What the exercise asks
Write out the lines of the material below exactly, beginning at the line with "Sugoi Black Side" and stopping after the line with "US linguist and", and leave out the pictures.

Source material
::::::::::
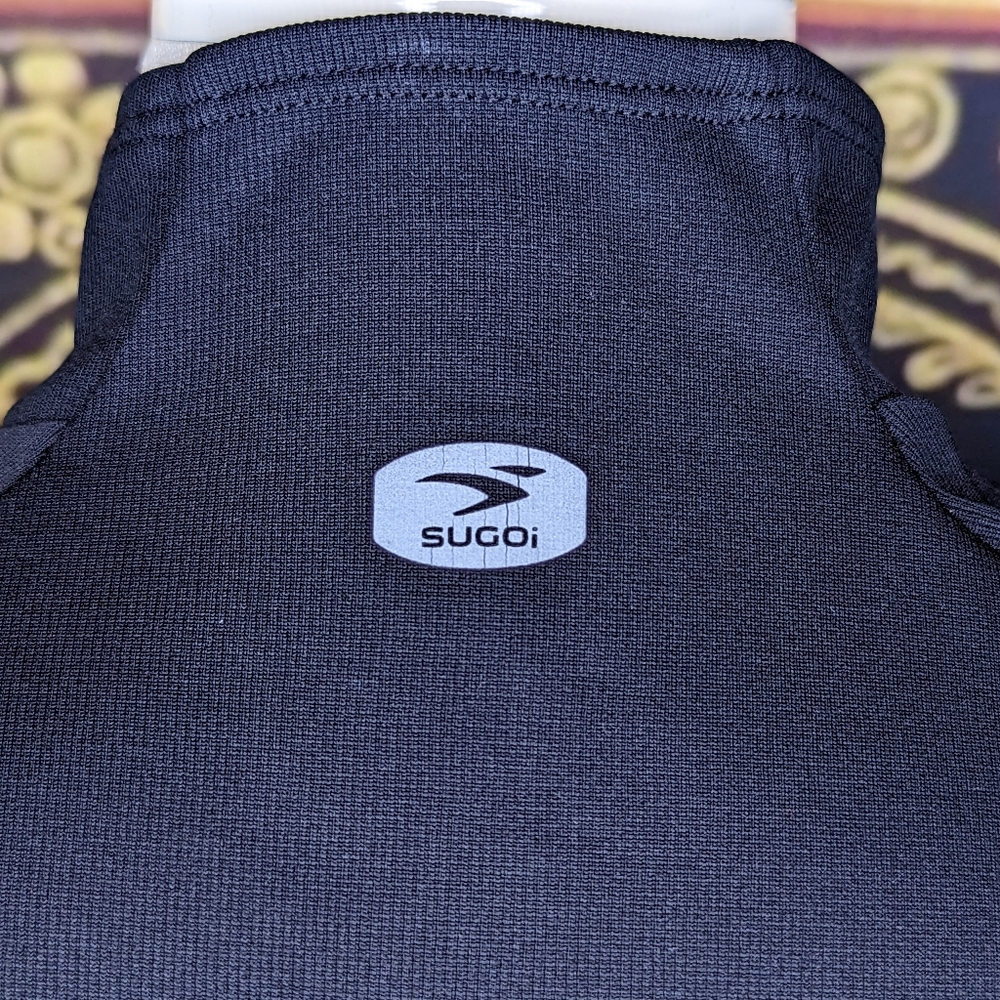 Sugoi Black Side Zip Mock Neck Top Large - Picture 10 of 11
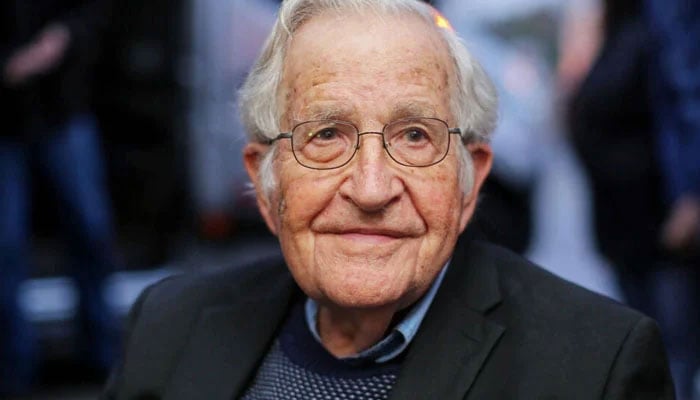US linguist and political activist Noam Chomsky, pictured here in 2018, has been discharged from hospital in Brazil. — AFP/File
::::::::::
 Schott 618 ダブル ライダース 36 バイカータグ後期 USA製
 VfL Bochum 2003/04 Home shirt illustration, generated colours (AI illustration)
::::::::::
Your response
 Sugoi Black Side Zip Mock Neck Top Large - Picture 10 of 11
US linguist and political activist Noam Chomsky, pictured here in 2018, has been discharged from hospital in Brazil. — AFP/File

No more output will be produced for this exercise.